As the Government continues to migrate to the cloud it becomes critical to integrate stronger security into its operations. Cloud and data security must go together. While cloud computing provides valuable IT architectures and solutions for government agencies, it also requires them to relinquish data security to public cloud service providers.
Using the services of a cloud service provider does not guarantee separation of duties with respect to data storage, data encryption or key management, even though that separation is one of the bedrocks of true data security. The agency that owns the data has no way to know who has seen it in an unencrypted state or how many people have access to the encryption keys. In short, a government agency that relies on a CSP to encrypt its data and store and manage the keys has only the insight and control over its data security that the CSP lets it have.
And agency leadership is now responsible if their data is breached or otherwise compromised. There is no excuse if the data security task was assigned to a third party. The Cloud Security Alliance (CSA) has developed a set of guidelines specifically for data owners such as Federal Agencies to highlight the need to define roles and responsibilities for both CSPs and data owners. Per these guidelines, the CSPs remain responsible for securing, managing and monitoring their environment and facilities. However, data owners also retain the responsibility to protect their data in the cloud.
The CSA suggests that the best way to protect data in the cloud is for data owners to encrypt data before handing it over to a CSP and to retain control of the encryption keys. Following these guidelines ensures that data security remains under the control of the agency that owns the data. (Rather than the external CSP, its employees, vendors, consultants, subcontractors or anyone else who can gain access via the CSP.) This substantially reduces the agency’s risk exposure.
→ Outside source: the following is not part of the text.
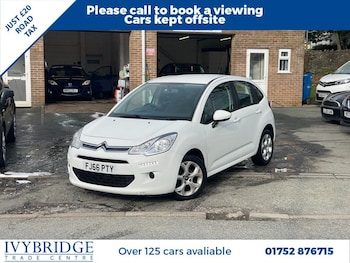 Used Citroen C3 2016 for sale - 78458052: Photo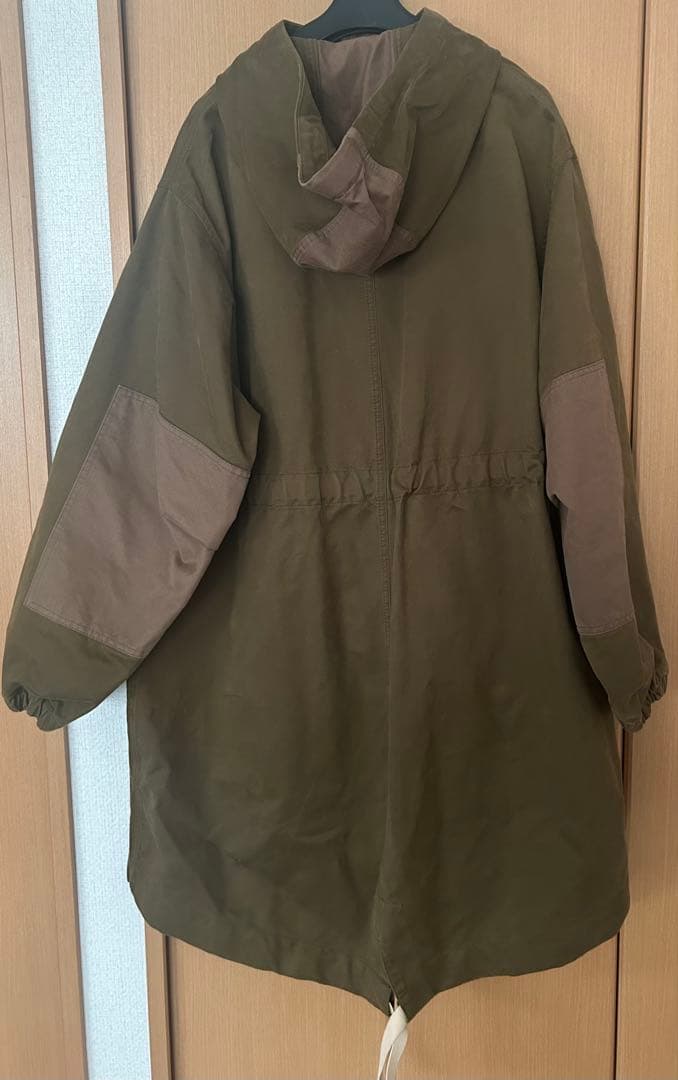 Acne Studios アクネ モッズコート FN‐MN‐OUTW000301 Acne Studios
Effective key management is critical to controlling and maintaining data security whether a data owner encrypts before data goes to the cloud. QuintessenceLabs eases this burden by harnessing true quantum random number generation to provide advanced key and policy management and encryption capabilities.
Sensitive data will always be at risk whether stored in the cloud or on premises. FedRAMP decreases cloud security risks by ensuring that the CSP provides a basic set of functionalities, but it does not eliminate the risk. Implementing strong encryption and key management standards remains the responsibility of the Federal Agency that owns the data.